A day involving news about space travel, the moon, and the number 42. That’s my kinda story.
Or, at least, that is to say, forty-two years ago today the Apollo 11 moon mission touched down in the Sea of Tranquillity on the surface of the moon, marking humankind’s first contact there and a significant milestone in the history of peopled space exploration. Yup, 42 years ago today we (as a species) made our biggest leap outwards, past where many had dreamed possible, and went for a stroll on a whole other world — albeit, just our little chunk-of-rock-come-satellite.

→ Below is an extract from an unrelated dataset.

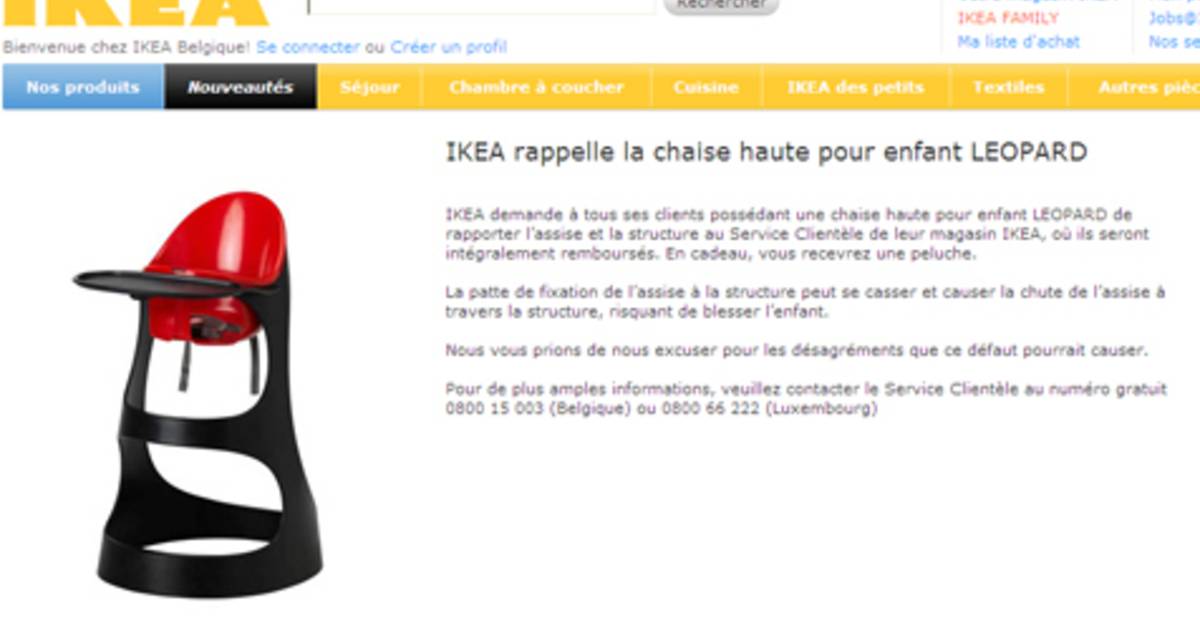 Une Chaise Haute Ikea Dangereuse Pour Les Enfants Economie 7sur7 Be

It’s a little sad in perspective, though. You’re probably read that in just the last few weeks the NASA shuttle program has been boxed and we are now entering that uncertain span of time that always tends to happen, all throughout the history of all human exploration, between when the public purse (NASA and various governments now, and others likely soon to taper off) paves the way to somewhere new and unknown and when the private, business-driven (VIRGIN Galactic, perhaps) pocketbook picks up the cheque to forge ahead into the known and less-risky. But then no one is quite so certain where it will all end up, either.

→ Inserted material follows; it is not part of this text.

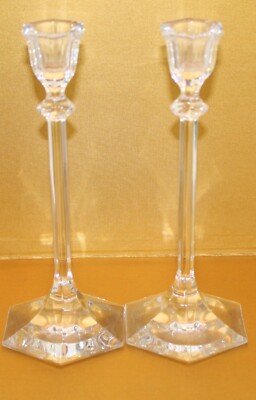 Vintage JR Riedel Crystal Candle Sticks Candle Holders Signed Bottom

I had the pleasure of listening to Bill Nye speak last Friday, not only from his perspective of “the science guy” and as an advocate for science and research-for-research-sake, but also as the current executive director of The Planetary Society. Back in high school, nearly twenty-years ago, and in not so gloomy of a time for the idea of people in space, I had taken out a membership in The Planetary Society. They sent me a membership card (yes, I was a “card-carrying-member”) and a magazine for that short span of time when I paid my dues.

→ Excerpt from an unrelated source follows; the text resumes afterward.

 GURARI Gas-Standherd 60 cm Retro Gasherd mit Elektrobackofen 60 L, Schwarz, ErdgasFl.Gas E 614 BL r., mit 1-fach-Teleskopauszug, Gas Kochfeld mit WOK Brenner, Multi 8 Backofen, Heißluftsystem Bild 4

My daughter is entering a different kind of uncertain span of time, that span between when she suddenly stops being just an infinitely fascinated little post-baby, to when she cares absolutely and obsessively about a small handful of things. For me, like so many typical kids, those things were (or so my fragile memory recalls) space, dinosaurs, time travel, and riding my bike. My daughter is still too young to tell, but I’ve done my best to make sure that space fits in there somewhere amongst the princess obsession, her pirate knowledge, and building crafts from every piece of colorful trash she finds. Space is cool, too. We talk about planets, put glow-in-the-dark stars on the ceiling of her room, and I’ve taken any rare opportunity I have (urban light pollution being what it is and her bedtime still being so early) to point out constellations and other skyward sights.
But even so, 42 years is beyond the scope of my life… and very much beyond the scope of hers. And, sad as it sounds, when she is hitting that formative age in her late tweens and early teenager-hood, in eight years when the rest of the muggles number fascination will kick in — fifty-years and half a century — when people will actually stand up and celebrate the arbitrary span of time since touchdown, I really hope space isn’t just another footnote in our collective history.